Opened 6 years ago
Closed 5 years ago
#46135 closed enhancement (duplicate)
Add filter to disable wp_favicon_request
Reported by: | shawfactor | Owned by: | |
---|---|---|---|
Milestone: | Priority: | normal | |
Severity: | minor | Version: | 3.0 |
Component: | Customize | Keywords: | good-first-bug has-patch |
Focuses: | Cc: |
Description
A number of other functions in wp-includes/load.php have fikters that enable them to be disabled. However wp_favicon_request does not.
Disabling this function via a pluginn could be useful, especially in a multisite environment where you wanted to dynamicly serve a favicon in the root directory or even run a redirect.
Attachments (2)
Change History (11)
#2
@
6 years ago
- Focuses accessibility multisite removed
- Keywords needs-patch good-first-bug reporter-feedback added
Thanks for the ticket, @shawfactor ! Welcome to WordPress Trac.

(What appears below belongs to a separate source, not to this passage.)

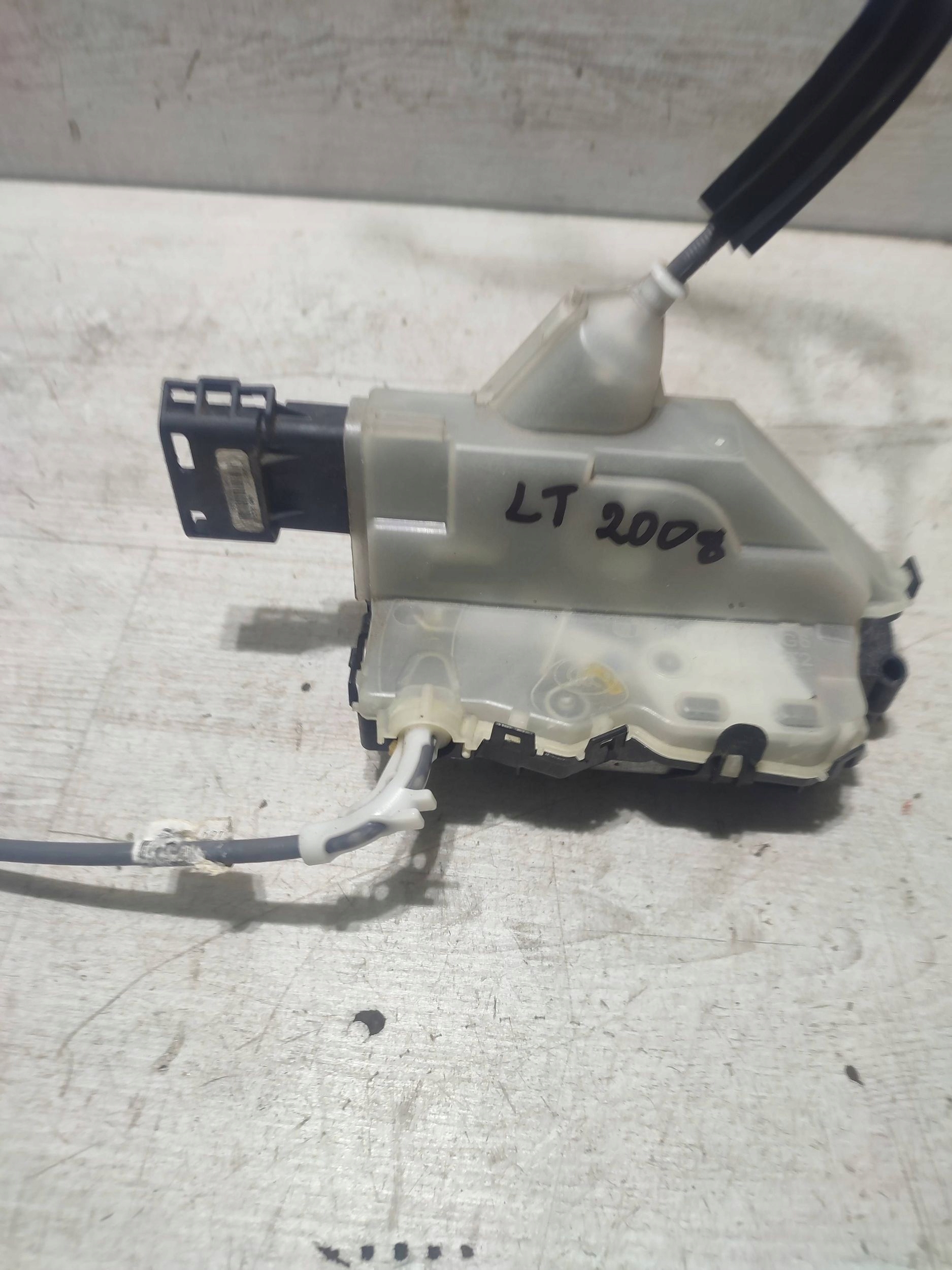 Peugeot 2008 II 2020 rear part side left lock door tylnych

Out of interest, is there a particular reason you want or need to disable this handling? It always helps to know the background behind requests, as it helps gauge priority and effect.
The Core Contributor Handbook is a good place to get started with contributing to WordPress: https://make.wordpress.org/core/handbook/. There are links there to some tutorials and guides that should help to get you started. Don't forget to join our Slack too: chat.wordpress.org.
#3
@
6 years ago
Yes as I outlined on multisite you may want different favicons per site. You can of course do this when html is returned via a meta tag but on non html requests many browsers still look for a favicon.ico at the root of the domain.
On multisite i would like to write a plugin to either generate the favicon dynamicly or redirect the request (differently depending on the site). Currently this is impossible due to the lack of a filter.
Most other functions in load.php have filters to disable them, but this function does not.
#5
follow-up:
↓ 6
@
6 years ago
Welcome @shawfactor, how do you imagine this would be more useful:
- simply applying a filter to disable the function
- applying a filter to set a specific header, other than the default then exit OR doing nothing if the filter returns false
#6
in reply to:
↑ 5
@
6 years ago
I think simply a filter to disable IE prevent the function doing anything would be best for two reasons:
- It would be consistent with other functions in the same file
- Any handling of the url could be then left to a plugin or theme using later hooks.
Replying to andraganescu:
Welcome @shawfactor, how do you imagine this would be more useful:
- simply applying a filter to disable the function
- applying a filter to set a specific header, other than the default then exit OR doing nothing if the filter returns false
#7
@
5 years ago
- Resolution set to invalid
- Status changed from new to closed
@priyankkpatel yes that looks perfect. I am very unfamiliar with this process but how does this get accepted and added to core?
#8
@
5 years ago
- Keywords has-patch added; needs-patch removed
- Resolution invalid deleted
- Status changed from closed to reopened
- Version changed from 5.0.3 to 3.0
Thanks for testing the latest patch, @shawfactor!
The ticket should remain open until it is committed to the WordPress Core code repository.
It looks like the only thing the wp_favicon_request()
function does is set a Content-Type
header if the URL being requested is site.com/favicon.ico
(introduced in [13205]).
Can you provide an example to help me understand how adding a filter here would accomplish dynamically serving a favicon?
#9
@
5 years ago
- Keywords reporter-feedback removed
- Milestone Awaiting Review deleted
- Resolution set to duplicate
- Status changed from reopened to closed
Thanks for the ticket! Going to close in favor of #47398, which has some more discussion on removing or overriding wp_favicon_request()
. The latest patch there deprecates wp_favicon_request()
and introduces a more flexible alternative. Any feedback welcome!
I am unfamiliar with the contribution process, the fix/enhancement on this is trivial but I'd love to write to and get started co tributing to core.